WHONDRS River Corridor Sediment and Water Geochemistry and In Situ Sensor Data from Machine-Learning-Informed Sites across the Contiguous United States (v6)
收藏DataCite Commons2026-04-28 更新2024-07-13 收录
下载链接:
https://www.osti.gov/servlets/purl/1923689
下载链接
链接失效反馈官方服务:
资源简介:
This dataset supports a broader study examining hyporheic zone respiration rates to improve predictive models at a contiguous United States (CONUS) scale. The CONUS-Scale Model-Sample Study (CM) was designed following ICON (integrated, coordinated, open, and networked) principles to facilitate a model-experiment (ModEx) iteration approach, leveraging crowdsourced sampling across the CONUS. New machine learning models were created every month to guide sampling locations. Data from the resulting samples were used to test and rebuild the machine learning models for the next round of sampling guidance. Sampling began in April 2022 and ended in October 2023. In addition to the widely distributed CONUS sites, a more spatially focused sampling occurred in the Yakima River Basin, WA in summer 2022. Data from this more spatially intensive sampling occurred under the label “Second Spatial Study (SSS)” and were also included in the machine learning models. Other data types collected from SSS that were not part of CM were published in a separate data package (https://data.ess-dive.lbl.gov/view/doi:10.15485/1969566).

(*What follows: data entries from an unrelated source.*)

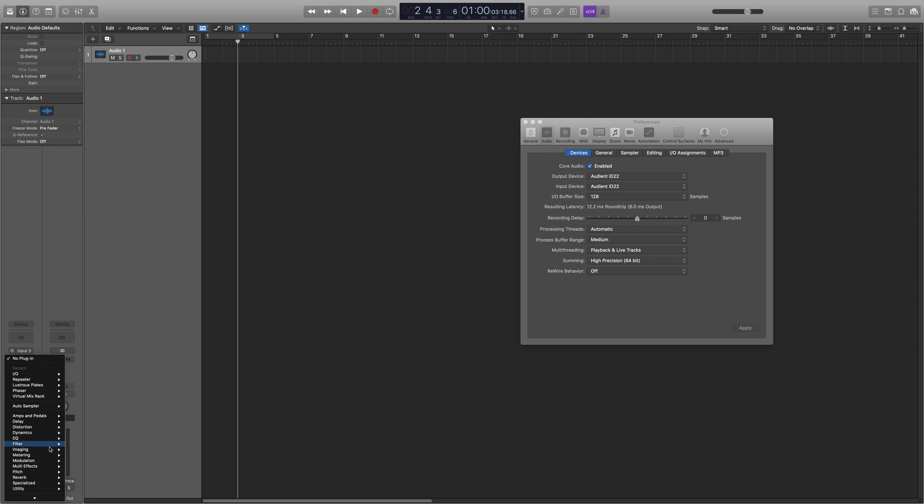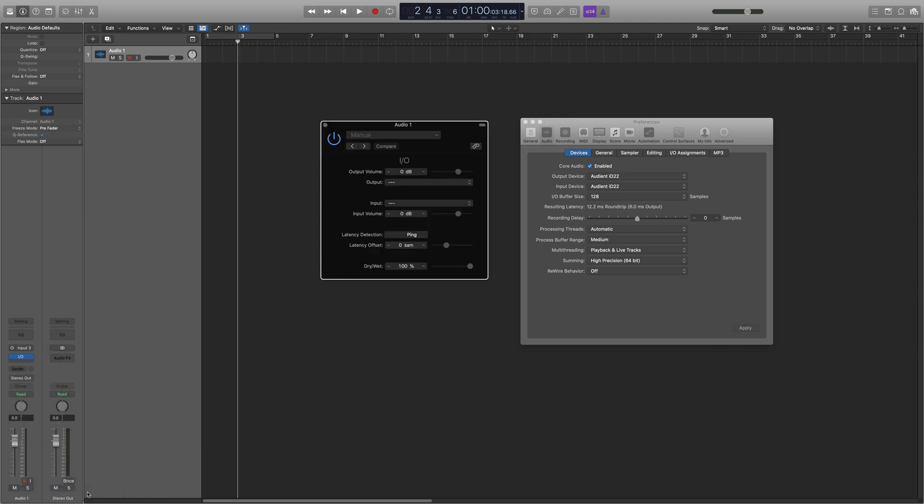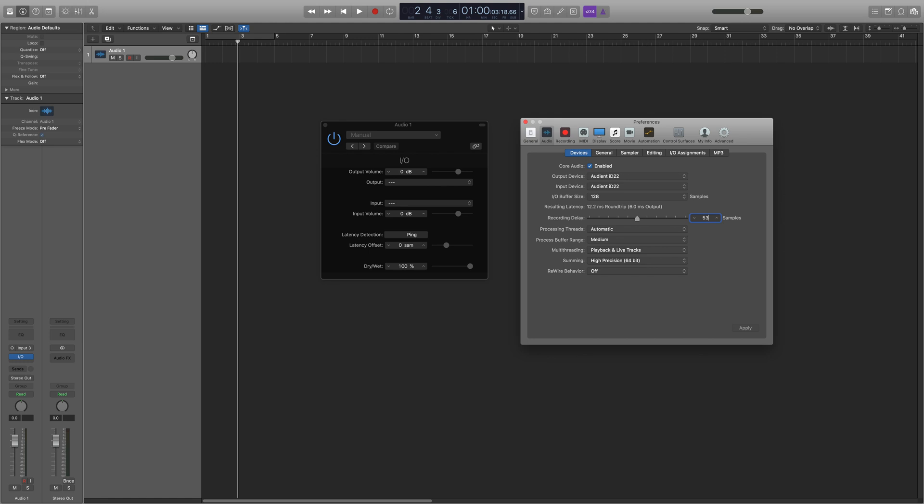So you're going to select your utility folder and go to IO. This window comes up. Now all you need to do is hover your mouse over the plugin, and you'll see 539 comes up. So you need to compensate 539, there you go.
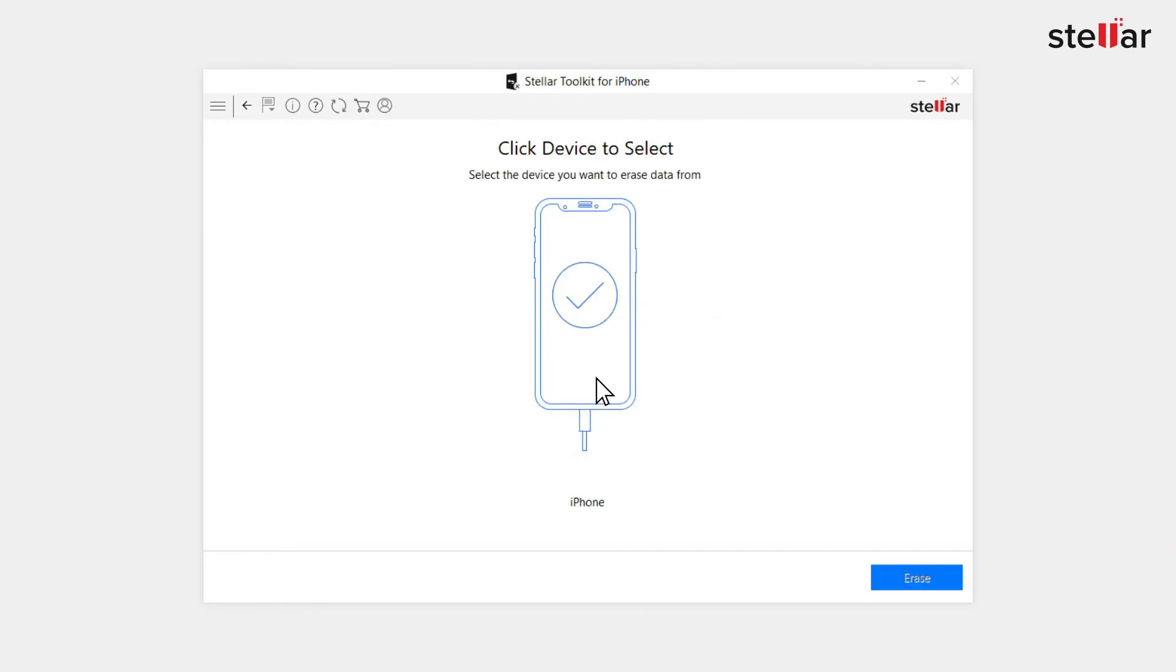After this process your iPhone is now reset as new without any personal data, information, documents, passwords or settings left. So isn't it so simple to delete all your data from your iPhone with a few simple clicks?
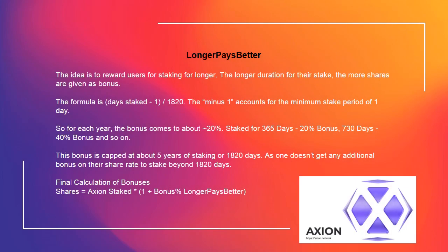Longer pays better: the idea is to reward users for staking for longer. The longer the duration of their stake, the more shares are given as a bonus. The formula is: (days staked - 1) / 1820. The minus 1 accounts for the minimum stake period of 1 day. So for each year, the bonus comes to about 20%. Staked for 365 days = ~20% bonus; 730 days = ~40% bonus, and so on. This bonus is capped at about 5 years of staking, or 1820 days.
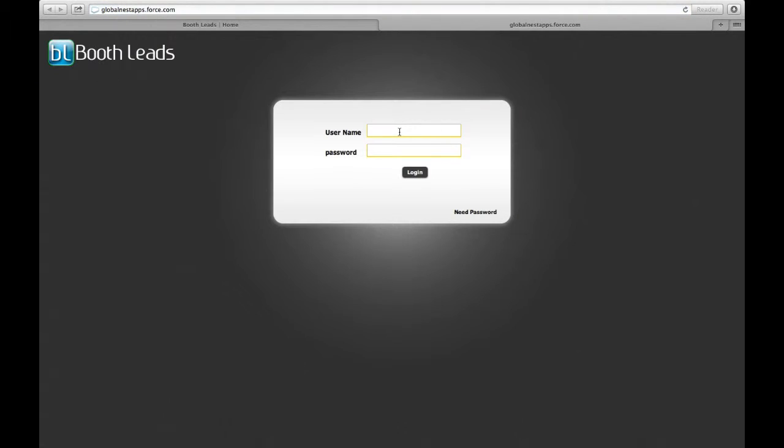Welcome to Booth Leads. This video demonstrates the steps in generating a custom QR code for your booth. Please log in to your Booth Leads admin portal by clicking on the login link from the BoothLeads.com website.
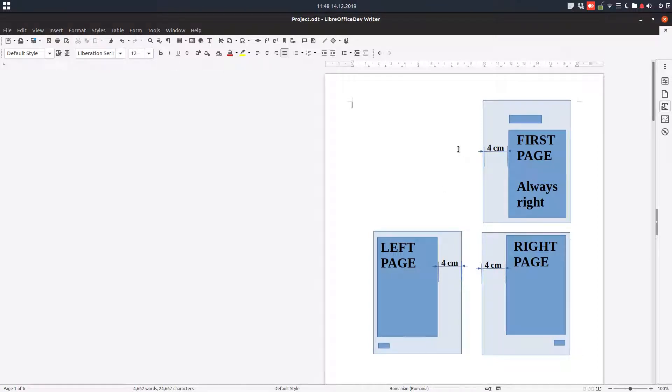Hello, welcome back on this project. Today we have a book and we have chapters.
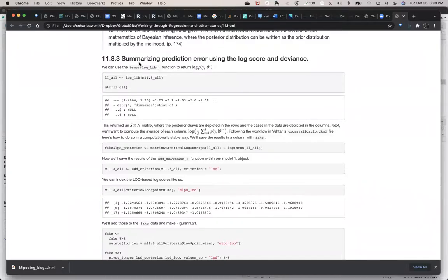So I think we were right here — we kind of started this way but then ran out of time. But anyway, the idea here was to use the log score.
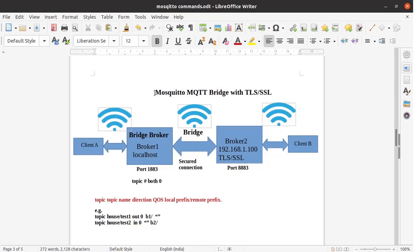Hello friends, welcome back. Today we are going to see how to configure Mosquitto MQTT bridge with TLS or SSL.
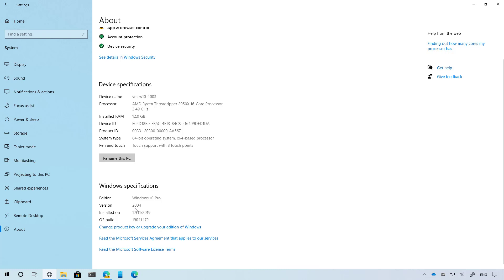You can also check the OS build, which for this release will be 19041. The number after the period increases with every monthly update, also known as the Patch Tuesday update.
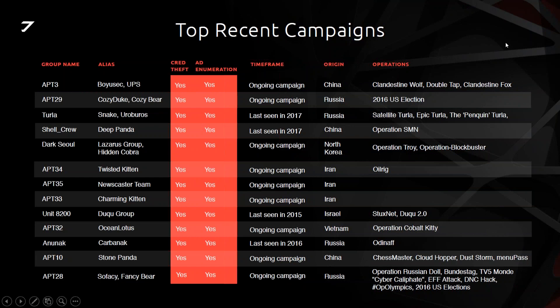Just to give you some perspective on Javelin and why we founded it: if you read all the persistent threat write-ups and publications about APT campaigns, you find some very common similarities within these campaigns.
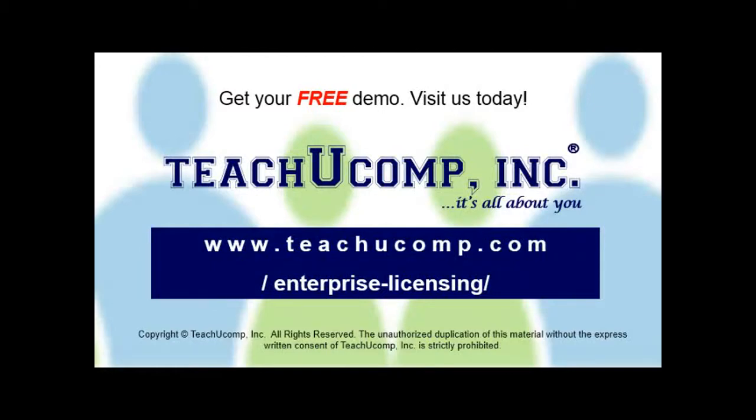Need computer training for a group or office? Contact us today to get a free demo of our training at www.teachucomp.com/enterprise-licensing.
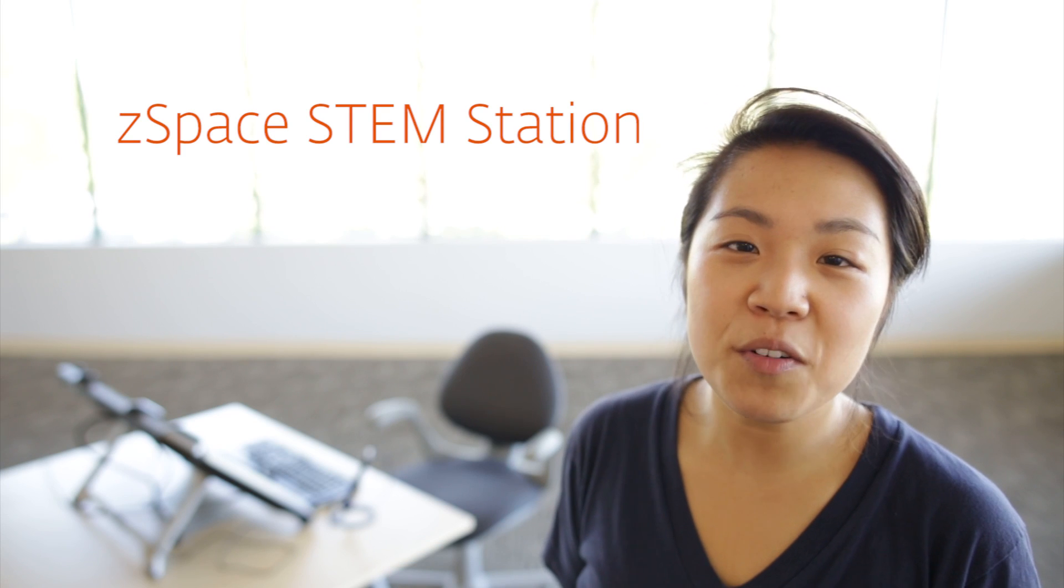This is the ZSpace STEM Station. It's your own interactive virtual reality system, which you can use to explore science, engineering, and also everything. Don't believe me? Check this out.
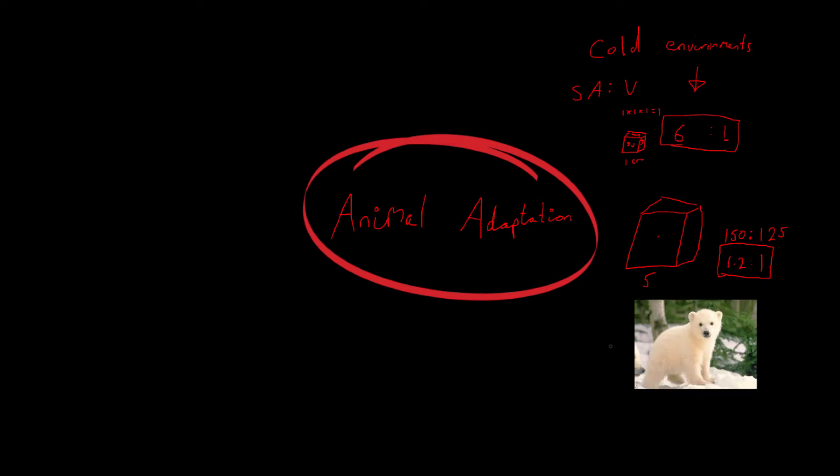Whereas if you take something like this cute little polar bear here, look at the size of this guy's ears. They're absolutely tiny. And that's so that he doesn't lose heat out of these ears. And also he's quite a fat little guy. And that is good because it means that all of the inside is not on the surface. So he's got a large volume and not a very large surface area. So this all helps to reduce the surface area to volume ratio.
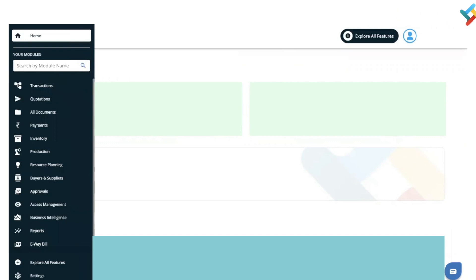Hello everyone. In this video we will guide you on how you can use our production module and how you can create a production process and generate a finished good.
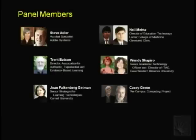Neil Mehta is the one real doctor among this group — he has a white coat. He's a staff physician at the Cleveland Clinic with joint appointments at the Education Institute, the Medicine Institute, and the Information Technology Division. He's the director of Education Technology at the Cleveland Clinic Lerner College of Medicine, a joint venture between the Cleveland Clinic and Case. And in the center stage is Wendy Shapiro from Case, who serves as senior academic technology officer providing leadership and direction for campus academic technology applications and initiatives.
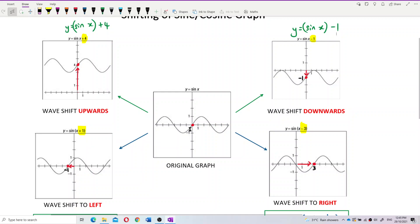Look at the red dot — originally for the sine graph it's at the origin. When you add plus 1 inside the angle, the whole graph shifts to the left. Plus 1 inside the angle means the whole wave shifts to the left by 1 unit.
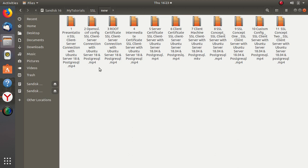Video number two is an important one in which we will configure the openssl.cnf file. Most of the configurations that we will use later on in creating this SSL client-server connection will be set up there.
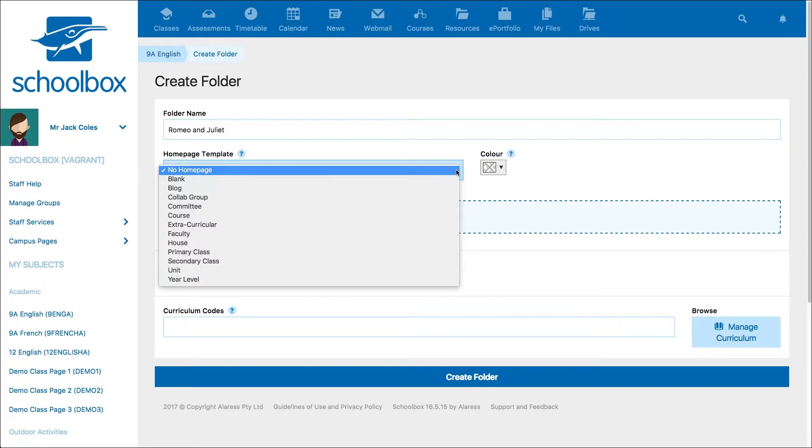It is important to note, however, that selecting no home page will create a folder, not a page. In this instance, we are creating a page, so I will choose one of the templates on my list.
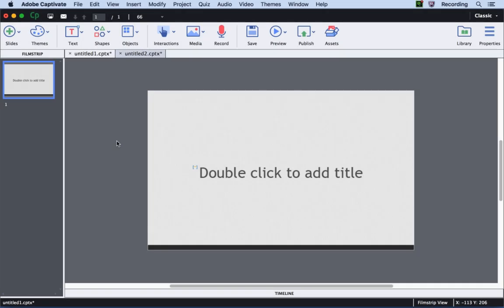In the new update for Adobe Captivate 9, we have added rulers and guides to help you accurately place objects on the project stage.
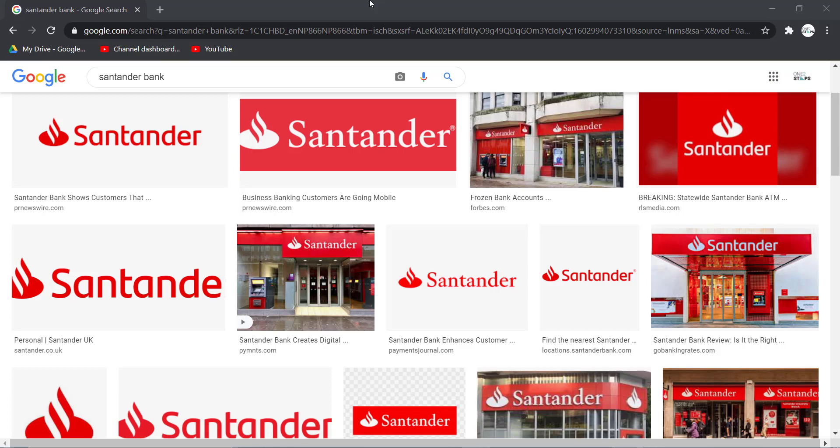Hey guys, welcome back to another Tech Tip and Guide video. In today's video, I'll show you how you can register to Santander Bank's online banking services.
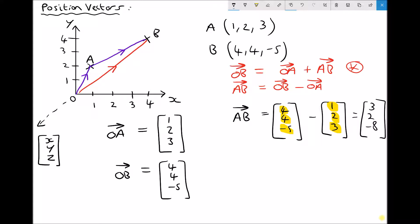We can visualise this: starting at point A, we travel along 3 in the x-direction and up 2 in the y-direction to reach B, and we also travel out of the page by 8, represented by the −8 in the column vector. The magnitude of AB is essentially the distance between points A and B — the length of the line connecting them.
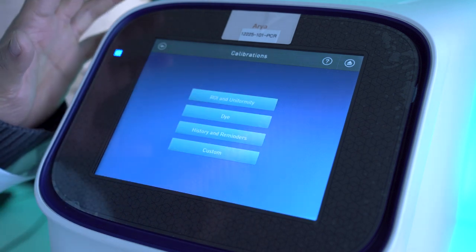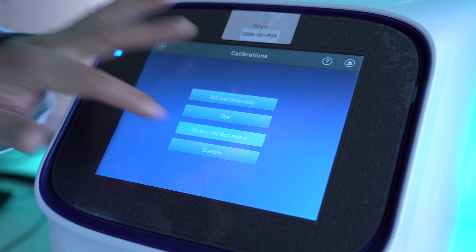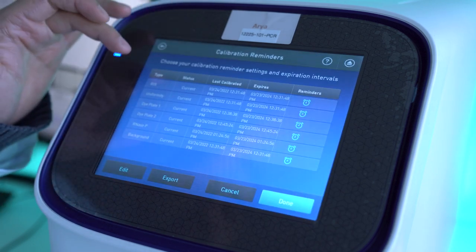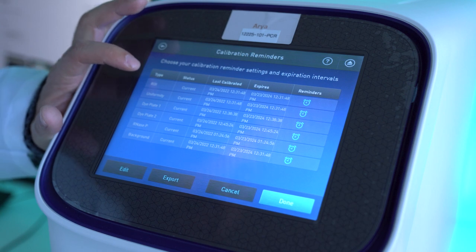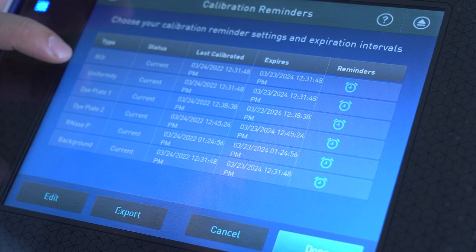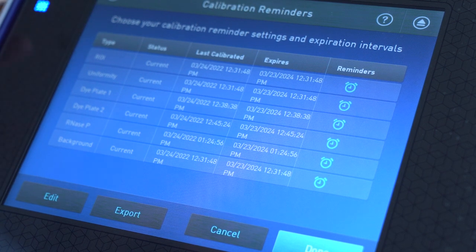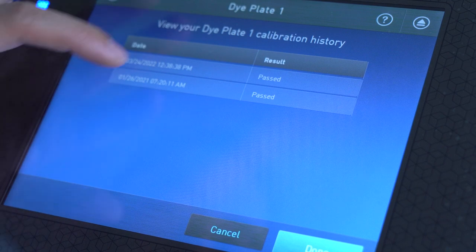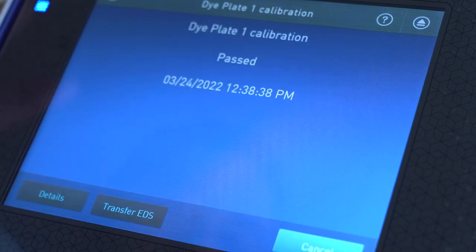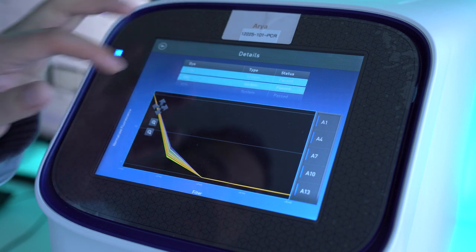If you want to see past results, you can click on History. You can see when the ROI was last done, the last time uniformity was done, and the last time the dye plates were calibrated. You can click on each of these and view the results — click on Details to view the results of each dye.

This data package was originally published in February 2023. It was updated in June 2023 (v2; new and modified files); December 2023 (v3; new and modified files); June 2024 (v4; new and modified files); April 2024 (v5; new and modified files); and September 2025 (v6; modified files). See the change history section in the readme for more details.
For details on how to navigate data packages generated by this project, see https://data.ess-dive.lbl.gov/portals/PNNLRiverCorridorSFA/About.
This dataset is comprised of two folders of field photos and videos, one folder of raw Fourier transform ion cyclotron resonance mass spectrometry (FTICR-MS) data and one main data folder containing (1) file-level metadata; (2) data dictionary; (3) field metadata; (4) readme; (5) international generic sample number (IGSN) mapping file; (6) field protocols; (7) a subfolder with sample data; and (8) a subfolder with sensor data. The sample data subfolder contains (1) surface water and sediment dissolved organic carbon (DOC, measured as non-purgeable organic carbon, NPOC) data and averages; (2) surface water and sediment total nitrogen data and averages; (3) surface water major cations and anions and averages; (4) sediment grain size data; (5) sediment iron (II) data and averages; (6) wet sediment mass, dry sediment mass, water mass, and wet sediment volume in incubation and sediment ICR vials; (7) sediment incubation respiration rate data and averages; (8) normalized respiration rate data and averages; (9) methods codes; (10) sediment specific surface area; (11) sediment percent carbon and nitrogen; (12) sediment gravimetric moisture and averages; (15) sediment X-ray diffraction (XRD) data; (16) sediment adenosine triphosphate (ATP) and averages; (17) a subfolder with sediment incubation respiration data, scripts, and plots; (18) surface water and sediment FTICR methods; and (19) a subfolder of 9.4 Tesla (9.4T) FTICR-MS data. This folder contains five subfolders, one containing the sediment .xml data files, one containing the water .xml files, one containing the sediment CoreMS output files, one containing the water CoreMS output files, and the other containing instructions and scripts for processing the files in CoreMS (https://github.com/EMSL-Computing/CoreMS).The sensor data subfolder contains (1) a subfolder with miniDOT dissolved oxygen and temperature data and plots; (2) miniDOT dissolved oxygen and temperature summary data; and (3) miniDOT installation methods. All files are .csv, .pdf, .R, .xml, .d, .html, .Rmd, .py, .cal, .json, .jpg, .jpeg, .png, .mov, or .mp4.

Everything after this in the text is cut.